• [What you are asked to do]
Copy every record word for word. Pictures are not part of the copy.

──────── Source records ────────

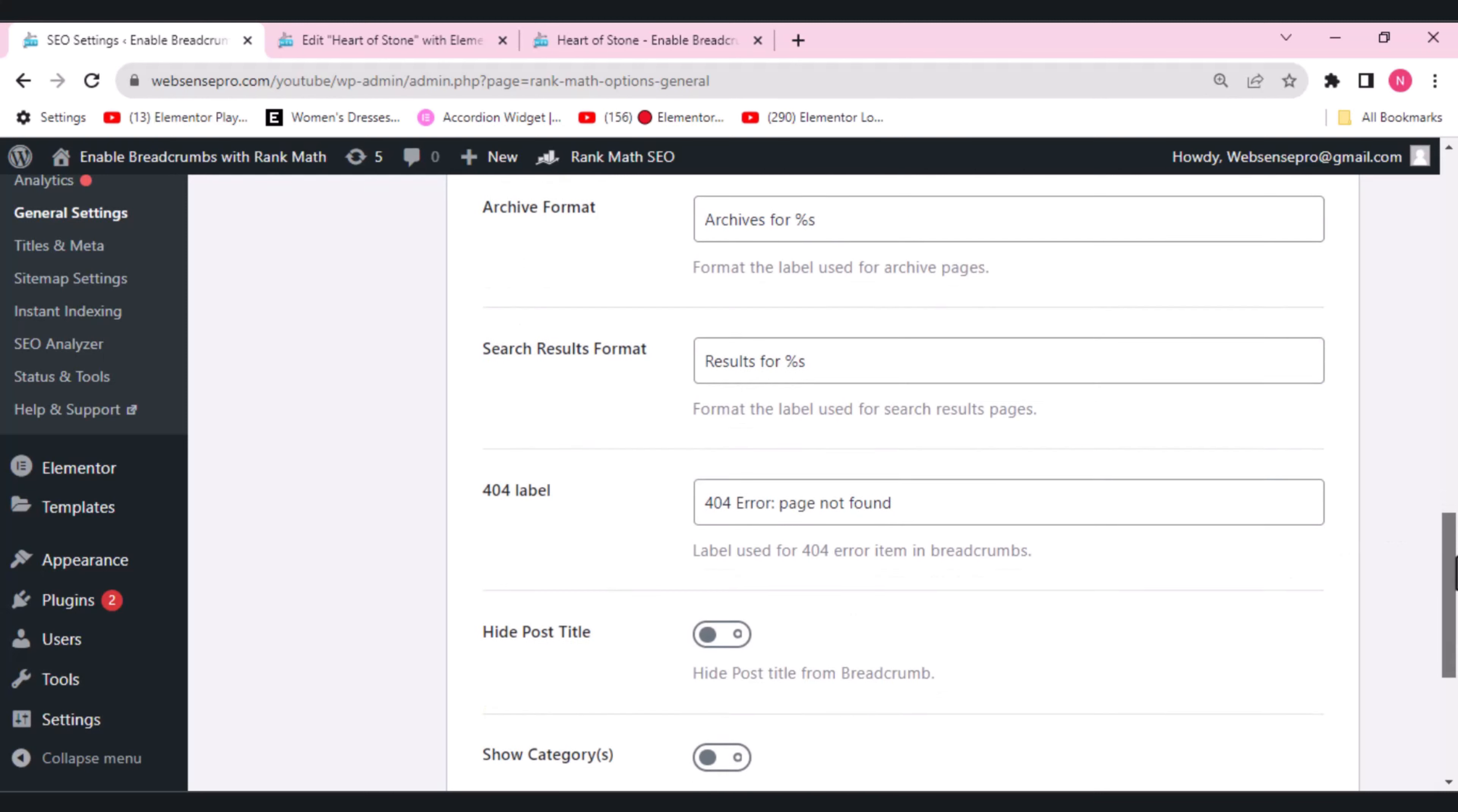If a page is not found, this error will be given. If you want any other thing, you can type here and this will automatically appear if the page will not be found.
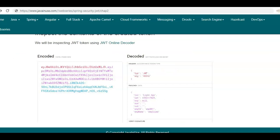Hope you have understood this tutorial. In the next tutorial, we'll be looking at Spring Security Architecture as well as implementing an example to understand Spring Boot security for role-based authentication and authorization. Thank you.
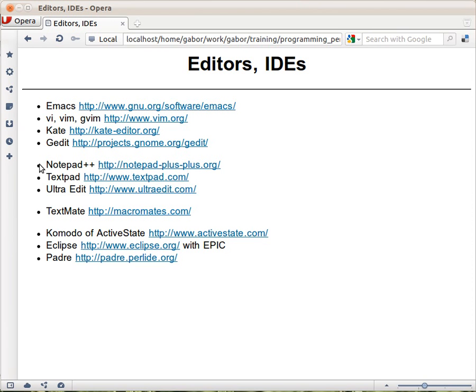You can download it from ActiveState but you will have to pay for it. It also has a free edition that doesn't cost you any money but it doesn't have all the features that you might be interested in an IDE.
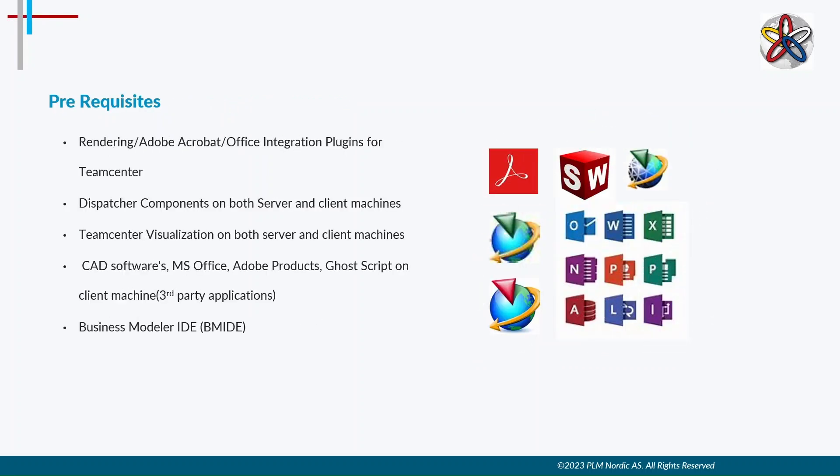Before starting document management, we need to have some prerequisites to be installed and integrated with TeamCenter. Rendering document management, Adobe Acrobat, and Microsoft Office plugins for TeamCenter needs to be integrated. Dispatcher components and TeamCenter visualization should be installed on both server and client machines. Make sure they function properly.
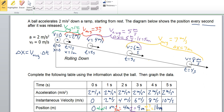You might have noticed a pattern. We went from 0 position to 1 meter, to 4 meters, to 9 meters, to 16 meters. What's special about these numbers? If you recognize that these are square numbers, then you're right — 1 squared is 1, 2 squared is 4, 3 squared is 9, 4 squared is 16.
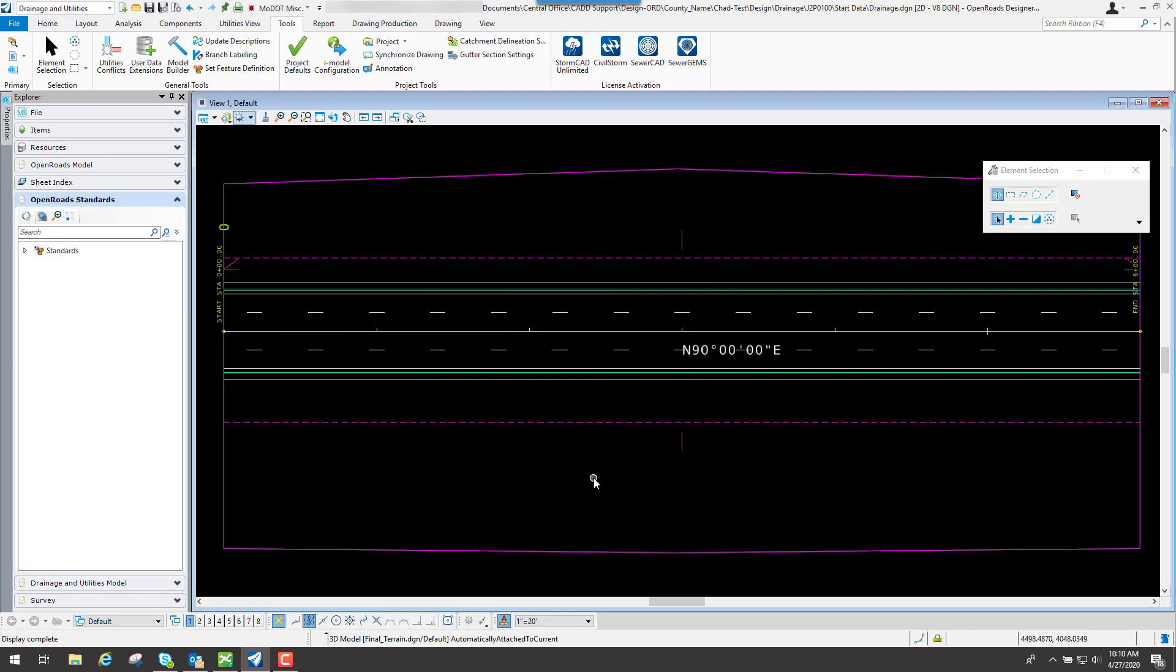Now you can begin using some of these tools in here for your drainage network that you're laying out.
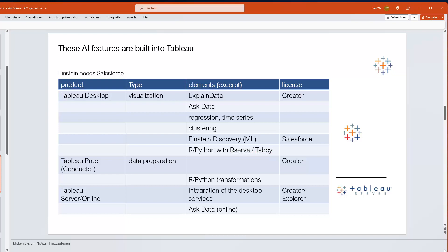Regarding Tableau, it was acquired by Salesforce and now offers AI capabilities tied to Salesforce as well, including Tableau Einstein. Tableau also supports R and Python — popular with data scientists — via R Serve or TabPy, which are free extensions. Built-in analytics like regression and time series are available through drag-and-drop, accessible to any business user without coding. For data preparation, Tableau Prep Conductor offers Python options, and the Ask Data feature in Tableau Server/Online lets users query data in natural language and get auto-generated visualizations.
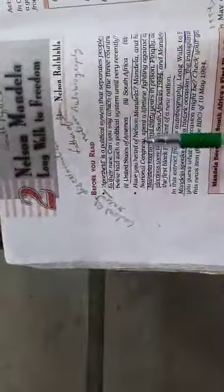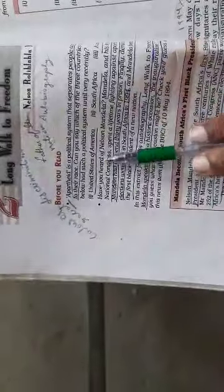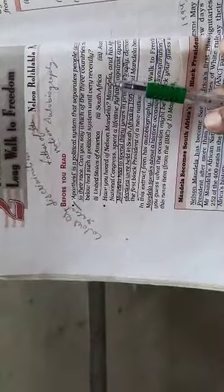Before you read, apartheid is a political system that separates people according to their race. So apartheid is a system that was in South Africa, which discriminated people. Which of the three countries below had such a political system until very recently? The United States of America, South Africa, Australia. So can you tell us?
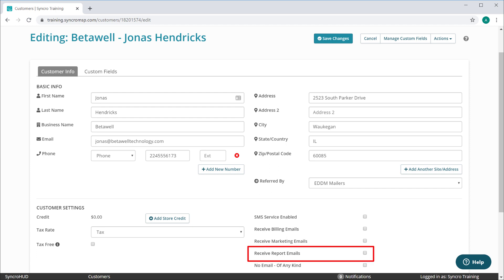We've added this new Receive Report Emails checkbox to the main customer record, as well as contact records. This means that you no longer have to remember who at a specific customer you want to target for emailed reports. You can simply target the entire customer as a single entity and all applicable contacts will be emailed.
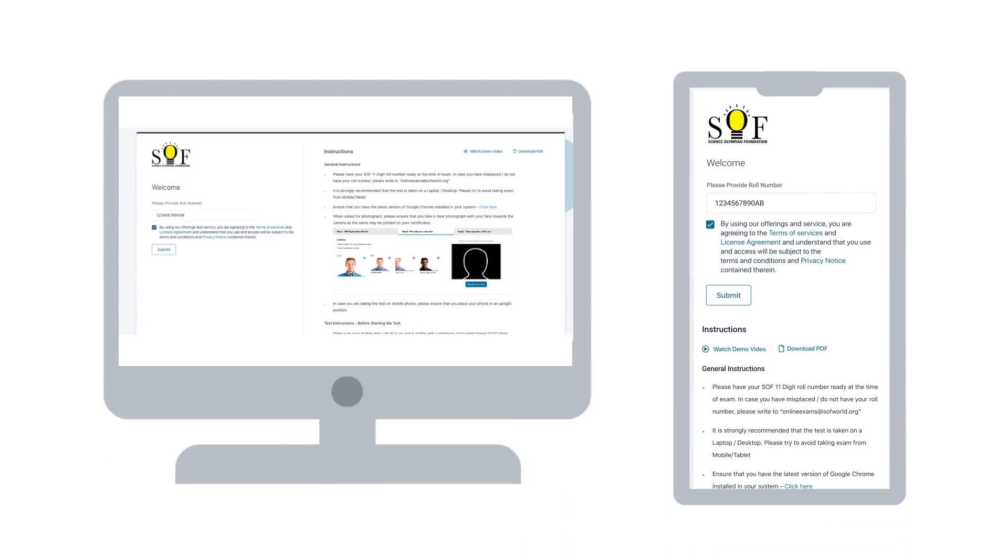On the day of exam, please have your SOF 11-digit roll number ready at the time of exam. Click on the test link received and follow the instructions. The registration page shall showcase detailed instructions and link to the test taker guide. Please read through the instructions.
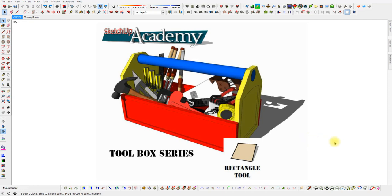Welcome back to the SketchUp Academy Toolbox Series. Today's tool is the Rectangle tool.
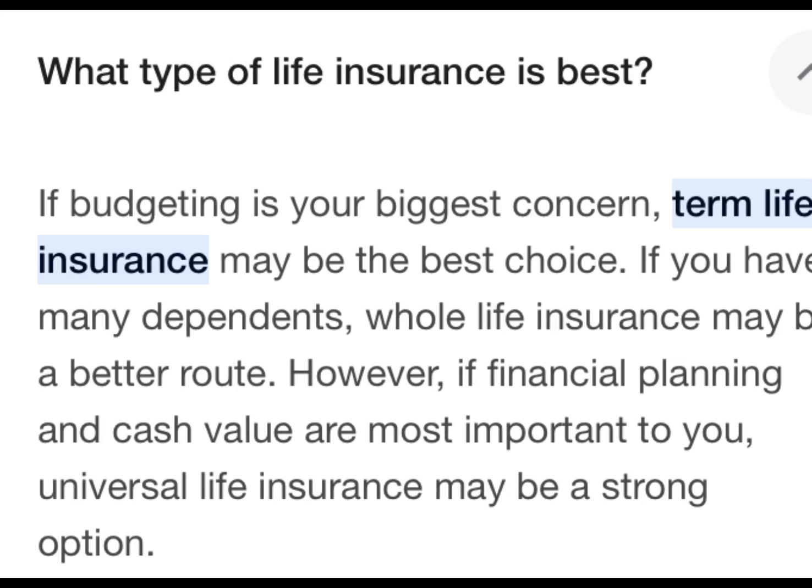The next question is: what type of life insurance is best? If budgeting is your biggest concern, term life insurance may be the best choice. If you have many dependents, whole life insurance may be a better option. However, if you are focused on financial planning and cash value, then universal life insurance may be a strong option.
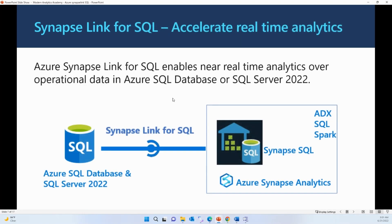Azure Synapse Link for SQL is an automated system for replicating your data from your operational databases to a dedicated SQL pool in Azure Synapse Analytics. Data-driven quality insights are getting more important for businesses to stay competitive, and the speed to achieve those insights can make all the difference. The costly and time-consuming nature of ETL or ELT pipelines is no longer enough.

────────

• [Solution to the exercise]
If a page is not found, this error will be given. If you want any other thing, you can type here and this will automatically appear if the page will not be found.
Hope you have understood this tutorial. In the next tutorial, we'll be looking at Spring Security Architecture as well as implementing an example to understand Spring Boot security for role-based authentication and authorization. Thank you.
You can download it from ActiveState but you will have to pay for it. It also has a free edition that doesn't cost you any money but it doesn't have all the features that you might be interested in an IDE.
Before starting document management, we need to have some prerequisites to be installed and integrated with TeamCenter. Rendering document management, Adobe Acrobat, and Microsoft Office plugins for TeamCenter needs to be integrated. Dispatcher components and TeamCenter visualization should be installed on both server and client machines. Make sure they function properly.
You might have noticed a pattern. We went from 0 position to 1 meter, to 4 meters, to 9 meters, to 16 meters. What's special about these numbers? If you recognize that these are square numbers, then you're right — 1 squared is 1, 2 squared is 4, 3 squared is 9, 4 squared is 16.
Now you can begin using some of these tools in here for your drainage network that you're laying out.
Regarding Tableau, it was acquired by Salesforce and now offers AI capabilities tied to Salesforce as well, including Tableau Einstein. Tableau also supports R and Python — popular with data scientists — via R Serve or TabPy, which are free extensions. Built-in analytics like regression and time series are available through drag-and-drop, accessible to any business user without coding. For data preparation, Tableau Prep Conductor offers Python options, and the Ask Data feature in Tableau Server/Online lets users query data in natural language and get auto-generated visualizations.
Before you read, apartheid is a political system that separates people according to their race. So apartheid is a system that was in South Africa, which discriminated people. Which of the three countries below had such a political system until very recently? The United States of America, South Africa, Australia. So can you tell us?
We've added this new Receive Report Emails checkbox to the main customer record, as well as contact records. This means that you no longer have to remember who at a specific customer you want to target for emailed reports. You can simply target the entire customer as a single entity and all applicable contacts will be emailed.
On the day of exam, please have your SOF 11-digit roll number ready at the time of exam. Click on the test link received and follow the instructions. The registration page shall showcase detailed instructions and link to the test taker guide. Please read through the instructions.
Welcome back to the SketchUp Academy Toolbox Series. Today's tool is the Rectangle tool.
The next question is: what type of life insurance is best? If budgeting is your biggest concern, term life insurance may be the best choice. If you have many dependents, whole life insurance may be a better option. However, if you are focused on financial planning and cash value, then universal life insurance may be a strong option.
Azure Synapse Link for SQL is an automated system for replicating your data from your operational databases to a dedicated SQL pool in Azure Synapse Analytics. Data-driven quality insights are getting more important for businesses to stay competitive, and the speed to achieve those insights can make all the difference. The costly and time-consuming nature of ETL or ELT pipelines is no longer enough.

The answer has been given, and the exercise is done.